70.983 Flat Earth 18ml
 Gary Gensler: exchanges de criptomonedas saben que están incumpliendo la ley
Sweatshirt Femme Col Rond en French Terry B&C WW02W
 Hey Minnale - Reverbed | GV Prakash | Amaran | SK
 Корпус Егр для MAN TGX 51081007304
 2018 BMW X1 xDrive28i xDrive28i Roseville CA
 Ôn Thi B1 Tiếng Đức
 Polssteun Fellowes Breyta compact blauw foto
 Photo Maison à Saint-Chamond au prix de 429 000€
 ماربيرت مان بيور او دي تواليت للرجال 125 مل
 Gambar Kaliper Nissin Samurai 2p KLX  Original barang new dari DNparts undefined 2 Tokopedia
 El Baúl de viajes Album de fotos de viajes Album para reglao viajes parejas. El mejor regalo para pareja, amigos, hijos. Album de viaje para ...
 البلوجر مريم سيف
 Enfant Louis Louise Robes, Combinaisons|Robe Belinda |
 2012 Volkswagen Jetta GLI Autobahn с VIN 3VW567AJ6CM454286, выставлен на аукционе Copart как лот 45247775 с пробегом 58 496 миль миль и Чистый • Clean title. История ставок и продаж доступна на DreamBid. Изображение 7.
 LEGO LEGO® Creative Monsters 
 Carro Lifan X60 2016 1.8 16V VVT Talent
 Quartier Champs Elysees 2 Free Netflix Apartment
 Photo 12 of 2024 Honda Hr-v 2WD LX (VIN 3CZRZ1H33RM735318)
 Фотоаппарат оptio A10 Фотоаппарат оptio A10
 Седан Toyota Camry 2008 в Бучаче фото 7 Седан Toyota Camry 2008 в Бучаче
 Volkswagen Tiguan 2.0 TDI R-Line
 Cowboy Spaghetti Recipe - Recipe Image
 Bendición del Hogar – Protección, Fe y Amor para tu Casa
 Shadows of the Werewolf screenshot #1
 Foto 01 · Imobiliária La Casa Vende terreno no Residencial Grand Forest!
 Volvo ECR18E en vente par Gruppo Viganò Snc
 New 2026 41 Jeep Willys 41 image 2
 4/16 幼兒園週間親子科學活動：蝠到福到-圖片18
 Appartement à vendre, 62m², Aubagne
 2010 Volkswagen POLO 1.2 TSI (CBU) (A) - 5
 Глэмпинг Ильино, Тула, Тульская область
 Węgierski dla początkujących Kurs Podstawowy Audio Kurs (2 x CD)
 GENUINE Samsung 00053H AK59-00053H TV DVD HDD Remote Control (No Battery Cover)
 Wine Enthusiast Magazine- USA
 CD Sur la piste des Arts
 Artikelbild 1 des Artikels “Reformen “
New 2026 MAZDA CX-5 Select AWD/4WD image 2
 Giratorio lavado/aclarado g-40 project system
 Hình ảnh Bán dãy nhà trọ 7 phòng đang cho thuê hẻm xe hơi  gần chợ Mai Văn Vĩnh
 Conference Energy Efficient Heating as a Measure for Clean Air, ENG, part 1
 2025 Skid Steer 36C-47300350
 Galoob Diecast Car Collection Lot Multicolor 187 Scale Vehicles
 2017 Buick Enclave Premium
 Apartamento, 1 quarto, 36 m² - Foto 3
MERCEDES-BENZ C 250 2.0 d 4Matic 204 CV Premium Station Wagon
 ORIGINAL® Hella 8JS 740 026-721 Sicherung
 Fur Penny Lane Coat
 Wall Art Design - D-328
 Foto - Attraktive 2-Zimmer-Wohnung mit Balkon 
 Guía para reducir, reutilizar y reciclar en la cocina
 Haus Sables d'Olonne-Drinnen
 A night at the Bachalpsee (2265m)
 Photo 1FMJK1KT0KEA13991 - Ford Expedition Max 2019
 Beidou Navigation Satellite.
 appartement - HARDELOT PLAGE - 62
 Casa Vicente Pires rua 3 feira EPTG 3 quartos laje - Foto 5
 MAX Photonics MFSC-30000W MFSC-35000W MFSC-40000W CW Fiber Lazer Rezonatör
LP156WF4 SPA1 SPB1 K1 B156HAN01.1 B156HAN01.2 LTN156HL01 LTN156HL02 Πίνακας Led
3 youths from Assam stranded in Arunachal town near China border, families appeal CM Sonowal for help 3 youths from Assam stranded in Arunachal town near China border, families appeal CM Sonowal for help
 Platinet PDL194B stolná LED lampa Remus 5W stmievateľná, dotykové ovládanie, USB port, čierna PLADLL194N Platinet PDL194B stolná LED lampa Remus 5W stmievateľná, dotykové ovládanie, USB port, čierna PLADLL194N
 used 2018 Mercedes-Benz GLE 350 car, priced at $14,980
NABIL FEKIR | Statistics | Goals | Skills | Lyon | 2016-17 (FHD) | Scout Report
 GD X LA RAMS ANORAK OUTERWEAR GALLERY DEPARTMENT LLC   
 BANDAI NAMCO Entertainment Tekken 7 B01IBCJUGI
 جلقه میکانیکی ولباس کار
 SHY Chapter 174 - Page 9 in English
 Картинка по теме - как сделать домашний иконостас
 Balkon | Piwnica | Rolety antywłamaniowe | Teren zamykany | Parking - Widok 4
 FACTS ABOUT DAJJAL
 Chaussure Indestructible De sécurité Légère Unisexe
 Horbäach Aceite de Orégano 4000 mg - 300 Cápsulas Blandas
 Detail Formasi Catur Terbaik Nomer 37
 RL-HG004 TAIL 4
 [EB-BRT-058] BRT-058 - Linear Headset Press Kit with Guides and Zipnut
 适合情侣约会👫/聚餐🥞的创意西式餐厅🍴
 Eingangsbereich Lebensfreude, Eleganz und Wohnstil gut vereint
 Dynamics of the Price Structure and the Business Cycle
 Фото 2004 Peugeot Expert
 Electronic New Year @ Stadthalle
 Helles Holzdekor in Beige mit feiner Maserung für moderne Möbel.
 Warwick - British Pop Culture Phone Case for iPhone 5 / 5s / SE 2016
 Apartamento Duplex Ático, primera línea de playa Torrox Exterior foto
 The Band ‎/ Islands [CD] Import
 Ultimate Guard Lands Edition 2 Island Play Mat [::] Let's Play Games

→ **WORK TO COMPLETE**: Restate the full material word for word.

→ **RESPONSE**:
70.983 Flat Earth 18ml
 Gary Gensler: exchanges de criptomonedas saben que están incumpliendo la ley
Sweatshirt Femme Col Rond en French Terry B&C WW02W
 Hey Minnale - Reverbed | GV Prakash | Amaran | SK
 Корпус Егр для MAN TGX 51081007304
 2018 BMW X1 xDrive28i xDrive28i Roseville CA
 Ôn Thi B1 Tiếng Đức
 Polssteun Fellowes Breyta compact blauw foto
 Photo Maison à Saint-Chamond au prix de 429 000€
 ماربيرت مان بيور او دي تواليت للرجال 125 مل
 Gambar Kaliper Nissin Samurai 2p KLX  Original barang new dari DNparts undefined 2 Tokopedia
 El Baúl de viajes Album de fotos de viajes Album para reglao viajes parejas. El mejor regalo para pareja, amigos, hijos. Album de viaje para ...
 البلوجر مريم سيف
 Enfant Louis Louise Robes, Combinaisons|Robe Belinda |
 2012 Volkswagen Jetta GLI Autobahn с VIN 3VW567AJ6CM454286, выставлен на аукционе Copart как лот 45247775 с пробегом 58 496 миль миль и Чистый • Clean title. История ставок и продаж доступна на DreamBid. Изображение 7.
 LEGO LEGO® Creative Monsters 
 Carro Lifan X60 2016 1.8 16V VVT Talent
 Quartier Champs Elysees 2 Free Netflix Apartment
 Photo 12 of 2024 Honda Hr-v 2WD LX (VIN 3CZRZ1H33RM735318)
 Фотоаппарат оptio A10 Фотоаппарат оptio A10
 Седан Toyota Camry 2008 в Бучаче фото 7 Седан Toyota Camry 2008 в Бучаче
 Volkswagen Tiguan 2.0 TDI R-Line
 Cowboy Spaghetti Recipe - Recipe Image
 Bendición del Hogar – Protección, Fe y Amor para tu Casa
 Shadows of the Werewolf screenshot #1
 Foto 01 · Imobiliária La Casa Vende terreno no Residencial Grand Forest!
 Volvo ECR18E en vente par Gruppo Viganò Snc
 New 2026 41 Jeep Willys 41 image 2
 4/16 幼兒園週間親子科學活動：蝠到福到-圖片18
 Appartement à vendre, 62m², Aubagne
 2010 Volkswagen POLO 1.2 TSI (CBU) (A) - 5
 Глэмпинг Ильино, Тула, Тульская область
 Węgierski dla początkujących Kurs Podstawowy Audio Kurs (2 x CD)
 GENUINE Samsung 00053H AK59-00053H TV DVD HDD Remote Control (No Battery Cover)
 Wine Enthusiast Magazine- USA
 CD Sur la piste des Arts
 Artikelbild 1 des Artikels “Reformen “
New 2026 MAZDA CX-5 Select AWD/4WD image 2
 Giratorio lavado/aclarado g-40 project system
 Hình ảnh Bán dãy nhà trọ 7 phòng đang cho thuê hẻm xe hơi  gần chợ Mai Văn Vĩnh
 Conference Energy Efficient Heating as a Measure for Clean Air, ENG, part 1
 2025 Skid Steer 36C-47300350
 Galoob Diecast Car Collection Lot Multicolor 187 Scale Vehicles
 2017 Buick Enclave Premium
 Apartamento, 1 quarto, 36 m² - Foto 3
MERCEDES-BENZ C 250 2.0 d 4Matic 204 CV Premium Station Wagon
 ORIGINAL® Hella 8JS 740 026-721 Sicherung
 Fur Penny Lane Coat
 Wall Art Design - D-328
 Foto - Attraktive 2-Zimmer-Wohnung mit Balkon 
 Guía para reducir, reutilizar y reciclar en la cocina
 Haus Sables d'Olonne-Drinnen
 A night at the Bachalpsee (2265m)
 Photo 1FMJK1KT0KEA13991 - Ford Expedition Max 2019
 Beidou Navigation Satellite.
 appartement - HARDELOT PLAGE - 62
 Casa Vicente Pires rua 3 feira EPTG 3 quartos laje - Foto 5
 MAX Photonics MFSC-30000W MFSC-35000W MFSC-40000W CW Fiber Lazer Rezonatör
LP156WF4 SPA1 SPB1 K1 B156HAN01.1 B156HAN01.2 LTN156HL01 LTN156HL02 Πίνακας Led
3 youths from Assam stranded in Arunachal town near China border, families appeal CM Sonowal for help 3 youths from Assam stranded in Arunachal town near China border, families appeal CM Sonowal for help
 Platinet PDL194B stolná LED lampa Remus 5W stmievateľná, dotykové ovládanie, USB port, čierna PLADLL194N Platinet PDL194B stolná LED lampa Remus 5W stmievateľná, dotykové ovládanie, USB port, čierna PLADLL194N
 used 2018 Mercedes-Benz GLE 350 car, priced at $14,980
NABIL FEKIR | Statistics | Goals | Skills | Lyon | 2016-17 (FHD) | Scout Report
 GD X LA RAMS ANORAK OUTERWEAR GALLERY DEPARTMENT LLC   
 BANDAI NAMCO Entertainment Tekken 7 B01IBCJUGI
 جلقه میکانیکی ولباس کار
 SHY Chapter 174 - Page 9 in English
 Картинка по теме - как сделать домашний иконостас
 Balkon | Piwnica | Rolety antywłamaniowe | Teren zamykany | Parking - Widok 4
 FACTS ABOUT DAJJAL
 Chaussure Indestructible De sécurité Légère Unisexe
 Horbäach Aceite de Orégano 4000 mg - 300 Cápsulas Blandas
 Detail Formasi Catur Terbaik Nomer 37
 RL-HG004 TAIL 4
 [EB-BRT-058] BRT-058 - Linear Headset Press Kit with Guides and Zipnut
 适合情侣约会👫/聚餐🥞的创意西式餐厅🍴
 Eingangsbereich Lebensfreude, Eleganz und Wohnstil gut vereint
 Dynamics of the Price Structure and the Business Cycle
 Фото 2004 Peugeot Expert
 Electronic New Year @ Stadthalle
 Helles Holzdekor in Beige mit feiner Maserung für moderne Möbel.
 Warwick - British Pop Culture Phone Case for iPhone 5 / 5s / SE 2016
 Apartamento Duplex Ático, primera línea de playa Torrox Exterior foto
 The Band ‎/ Islands [CD] Import
 Ultimate Guard Lands Edition 2 Island Play Mat [::] Let's Play Games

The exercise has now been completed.